Saturday, February 21, 2015

City of the Sun

Author, Juliana Maio has written an historical novel that showcases the events that were happening during World War II in the Middle East.  Don’t dismiss the book, City of the Sun too quickly, there is a love story and intrigue mixed in with the historically accurate details of this book that makes this a story that grabs the reader’s attention and keeps you engaged until the end.

Mickey Connolly, is an American who has come to Egypt to make a name for himself as a newspaper reporter.  He is rather naive, idealistic and seems rather uninformed about the area he is in and the events happening around him, as he tries to report on civilian life in Egypt.  He is caught up in the exotic “Paris on the Nile” until he gets recruited to work for the American Embassy on a covert mission.  

As the novel unfolds we see that America was not the only country interested in the Jewish scientists that were escaping from Germany.  As Rommel is trying to expand the Nazi influence further in Northern Africa, Maio creates a story of intrigue and espionage pitting Connolly against a Nazi spy as they both try to recruit the same scientist who has information about creating a bomb that could end the war.  

This story of a developing romance between the fictional Mickey and his love interest Maya is interwoven with real historical characters like, Anwar Sadat, the young King Farouk, Sir Miles Lampson and American Ambassador Alexander Kirk and the situations that were happening during the 1940s in Egypt.  Maio has rewritten the real life German spy Johannes Eppler, as the character, Heinrich Kesner, the obsessive Nazi spy working to get recognized by the SS.  Like Eppler, he has mixed Arab and German background and lives on a houseboat while infiltrating into Egyptian society to spy on the British and American presence there.

The story is centered in Cairo, which was a very sophisticated city where French was the main language spoken and Europeans, Jews and Arabs coexisted in peace.  The Suez Canal is built and the country becomes more modernized.  Then the English take control and the book explains the history of turmoil as dissonance is heard from the Islamic fundamentalists, the nationalists and the Egyptian monarchy.  Even as war is waging in Europe and coming closer to North Africa, life in Cairo is still glamorous.  “Ataba Square, the wide open plaza at the west end of the city, was easily Cairo’s foremost commercial center, buzzing all day with soldiers and merchants.  But this evening when Mickey descended from the arabya hantour, the horse-drawn buggy he had taken to the Continental Hotel. he encountered a very different crowd.  Men in linen suits  and women in pearls emerged from Rolls Royces and Bentleys arriving at the hotel in battalions.  Valets, dressed all in white, scurried frantically to assist this influx of Cairo’s high society.”

The author, Juliana Maio was drawn to this topic because of her personal background of Jewish- Egyptian heritage.  Her family was expelled from Egypt during the Suez Crisis and she grew up in France.  She knew she wanted to write and learn about the Jews of Egypt.  She began studying Egypt’s history, and after ten years of research and writing she has completed City of the Sun.

Maio received her B.A. at the University of California, Berkeley, and her Juris Doctor degree from UC Hastings.
Juliana practices entertainment law in Los Angeles and has represented internationally renowned filmmakers as well as a host of independent production companies.

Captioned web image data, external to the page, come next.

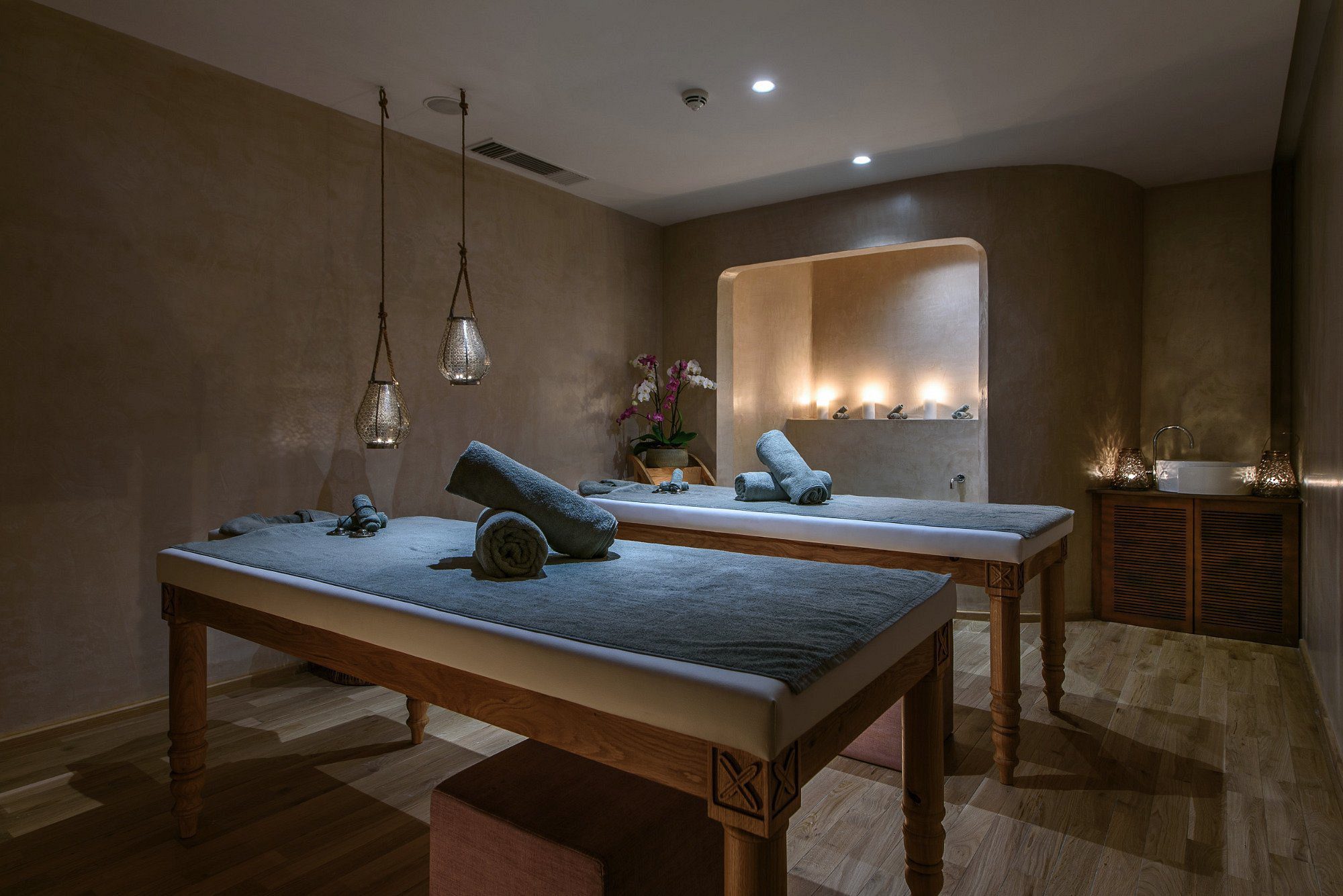 Calm spa room with massage tables and soft lighting.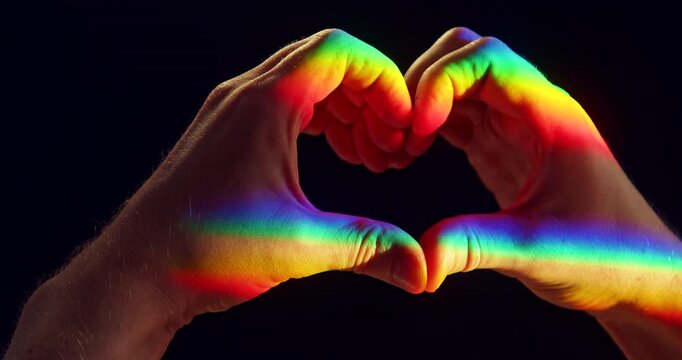 Close-up studio video of two hands forming a heart shape illuminated by rainbow-colored sunlight against a black background. Symbolic LGBTQ+ Pride concept representing love, equality, diversity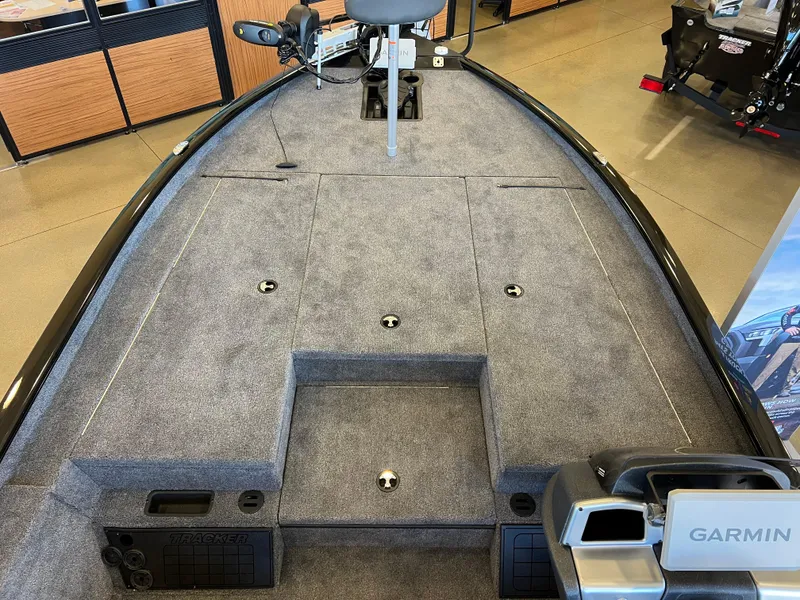 Slide: The Image of 2025 Tracker Savage 215 boat interior with Garmin equipment, featuring spacious carpeted deck. - 3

Prior to that she served as vice president of worldwide corporate and business affairs for Triumph Films, a joint venture between Columbia Pictures and Gaumont Films.

Juliana co-founded Lighthouse Productions, an independent film and television company. She has spoken both domestically and abroad about the Arab Spring. She lives in Los Angeles with her husband, film producer Michael Phillips. They have a daughter.